=== RECORDS SUPPLIED ===
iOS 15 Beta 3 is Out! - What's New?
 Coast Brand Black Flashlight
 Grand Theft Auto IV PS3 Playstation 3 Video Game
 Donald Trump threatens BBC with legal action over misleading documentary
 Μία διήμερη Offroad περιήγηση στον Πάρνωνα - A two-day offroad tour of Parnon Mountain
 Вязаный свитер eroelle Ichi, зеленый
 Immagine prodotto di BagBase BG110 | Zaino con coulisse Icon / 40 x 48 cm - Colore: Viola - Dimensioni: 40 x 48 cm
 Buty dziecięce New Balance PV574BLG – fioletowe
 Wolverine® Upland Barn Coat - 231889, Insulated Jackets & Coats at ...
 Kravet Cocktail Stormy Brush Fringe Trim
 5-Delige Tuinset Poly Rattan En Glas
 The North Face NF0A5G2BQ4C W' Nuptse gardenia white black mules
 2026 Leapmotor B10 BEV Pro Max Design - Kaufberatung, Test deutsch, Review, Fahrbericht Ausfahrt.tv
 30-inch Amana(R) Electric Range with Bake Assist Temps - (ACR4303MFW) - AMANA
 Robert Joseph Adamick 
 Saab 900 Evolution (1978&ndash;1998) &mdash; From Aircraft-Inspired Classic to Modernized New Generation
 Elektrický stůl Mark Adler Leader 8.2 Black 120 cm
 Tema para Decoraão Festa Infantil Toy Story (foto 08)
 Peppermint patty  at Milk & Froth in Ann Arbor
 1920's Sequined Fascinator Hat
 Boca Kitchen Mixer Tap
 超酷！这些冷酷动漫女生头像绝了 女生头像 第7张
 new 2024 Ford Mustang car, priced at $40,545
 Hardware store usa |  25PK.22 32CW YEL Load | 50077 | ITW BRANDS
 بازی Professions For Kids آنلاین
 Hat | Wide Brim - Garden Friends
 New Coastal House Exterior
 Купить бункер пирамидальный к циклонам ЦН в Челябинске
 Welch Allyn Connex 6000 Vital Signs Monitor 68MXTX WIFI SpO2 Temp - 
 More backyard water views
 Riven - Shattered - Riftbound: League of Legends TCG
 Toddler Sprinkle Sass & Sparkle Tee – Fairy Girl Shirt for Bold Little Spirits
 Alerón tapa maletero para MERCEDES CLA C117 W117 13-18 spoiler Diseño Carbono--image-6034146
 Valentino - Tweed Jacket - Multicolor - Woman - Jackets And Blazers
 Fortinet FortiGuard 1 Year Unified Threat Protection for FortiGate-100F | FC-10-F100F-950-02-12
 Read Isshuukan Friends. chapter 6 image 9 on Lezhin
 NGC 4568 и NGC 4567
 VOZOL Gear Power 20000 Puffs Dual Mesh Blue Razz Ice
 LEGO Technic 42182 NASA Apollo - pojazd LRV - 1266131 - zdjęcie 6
===
# REQUIREMENT
The lines above, from the first through the one containing "Robert Joseph Adamick", must be restated word for word, with nothing added.

# REPLY TO THE EXERCISE
iOS 15 Beta 3 is Out! - What's New?
 Coast Brand Black Flashlight
 Grand Theft Auto IV PS3 Playstation 3 Video Game
 Donald Trump threatens BBC with legal action over misleading documentary
 Μία διήμερη Offroad περιήγηση στον Πάρνωνα - A two-day offroad tour of Parnon Mountain
 Вязаный свитер eroelle Ichi, зеленый
 Immagine prodotto di BagBase BG110 | Zaino con coulisse Icon / 40 x 48 cm - Colore: Viola - Dimensioni: 40 x 48 cm
 Buty dziecięce New Balance PV574BLG – fioletowe
 Wolverine® Upland Barn Coat - 231889, Insulated Jackets & Coats at ...
 Kravet Cocktail Stormy Brush Fringe Trim
 5-Delige Tuinset Poly Rattan En Glas
 The North Face NF0A5G2BQ4C W' Nuptse gardenia white black mules
 2026 Leapmotor B10 BEV Pro Max Design - Kaufberatung, Test deutsch, Review, Fahrbericht Ausfahrt.tv
 30-inch Amana(R) Electric Range with Bake Assist Temps - (ACR4303MFW) - AMANA
 Robert Joseph Adamick 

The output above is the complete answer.